Let me explain. Hate groups rarely classify themselves as hate groups without adding some kind of justification or qualification. For example, religious hate groups might justify their hatred by saying that they hate the behavior, not the person. In other words, they believe they are doing what’s right, protecting what is sacred, promoting the greater good, or building solidarity amongst themselves—and that justifies their hatred. That said, in order to classify a group as a hate group, the person classifying it cannot be a member. Therefore, when someone classifies a group as a hate group, he or she makes a strong statement that he or she does not identify with the cause of that group. “Hate group,” in a broad sense, means “not my group.”

In light of this, Elisabeth Hasselbeck’s question merely serves as a ten-foot-pole with which she can push away #BlackLivesMatter and everything it stands for. Whether she uses the label “hate group” or “terrorist organization” or “fanatic” or “anarchist” or “extremist” or “Communist” does not matter—all that matters is that she uses a buzzword on a conservative news channel that triggers her audience to harden themselves against the enemy and empty themselves of any sympathy they once had for #BlackLivesMatter. After all, how could anyone sympathize with a “hate group”? You would have to be very confused and closed-minded to do that, right? You would have to be un-American, because Americans aren’t hateful. We are reasonable people who love liberty, not like those extremists.

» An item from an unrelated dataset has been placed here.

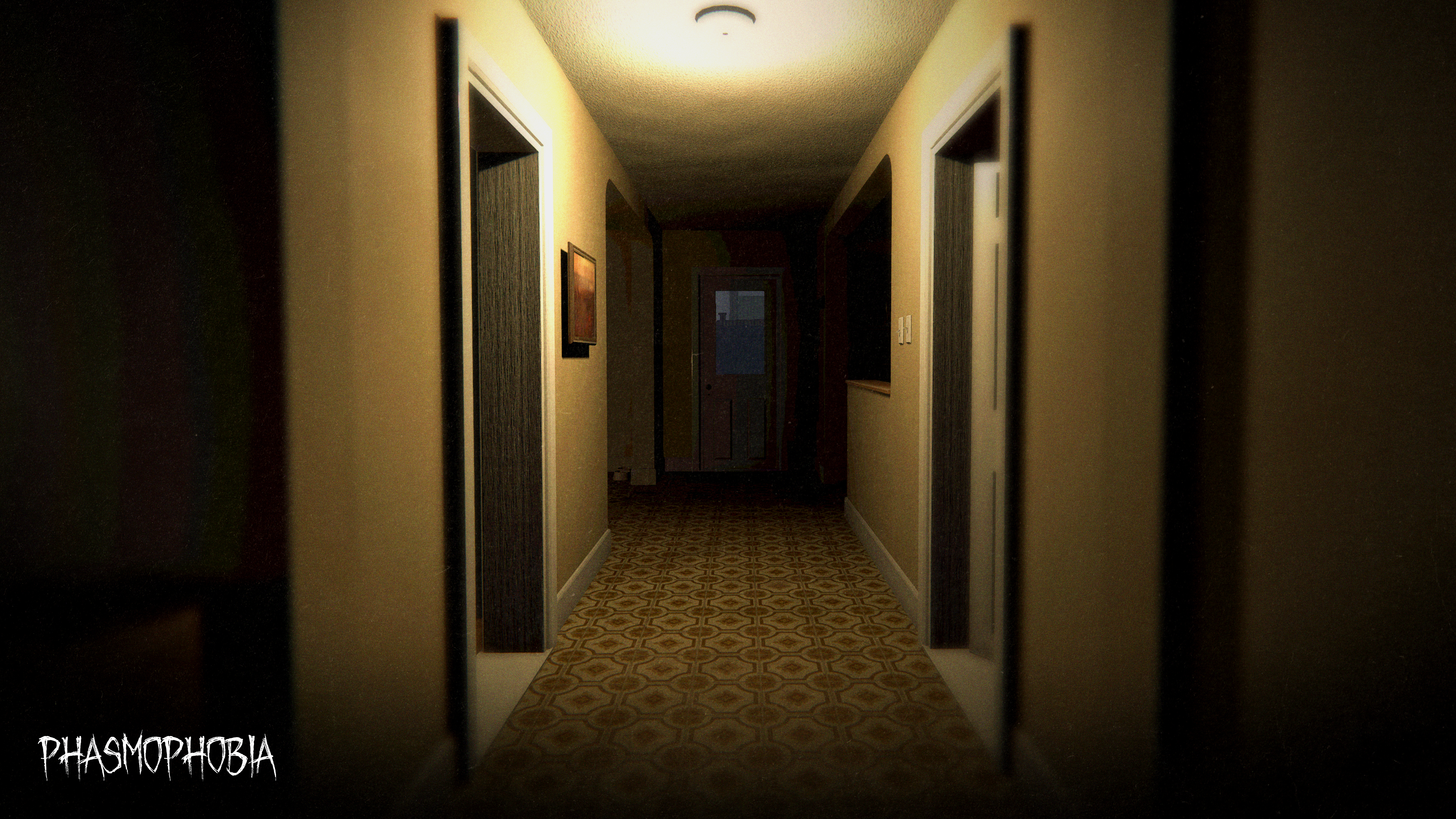 The Tanglewood rework's hallway, with a door leading to an unknown room on the left and the new kitchen on the right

By using the term “hate group” to make the #BlackLivesMatter campaign seem alien to American values—a rhetorical technique called “othering”—Elisabeth Hasselbeck prevents her audience from seeing any value in the social changes that #BlackLivesMatter intends to bring about. She uses the term as propaganda to prejudice her audience against the movement and, indirectly, against Black people as a cause worth fighting for. By placing #BlackLivesMatter among hate groups, Hasselbeck confirms that the present system—her system, the status quo—is diametrically opposed to the empowerment of Black people.

Hasselbeck might as well have asked, “Why has the #BlackLivesMatter movement not been officially written off by some authority as a movement we shouldn’t take seriously?”

The answer to that question, of course, is this: because #BlackLivesMatter is a movement that we should take seriously. It has not been called a hate group because its mission is constructive, not destructive. #BlackLivesMatter activists want to reform the system, not kill police officers. They want safety for Black people, not peril for Whites. We can never forget about it, and the movement will end when being Black in America is no longer a burden of fear, but a privilege and a joy.

~ Lessie Branch,is a Public and Urban doctoral candidate at The Milano School of International Affairs, Management and Urban Policy and teaches at Monroe College.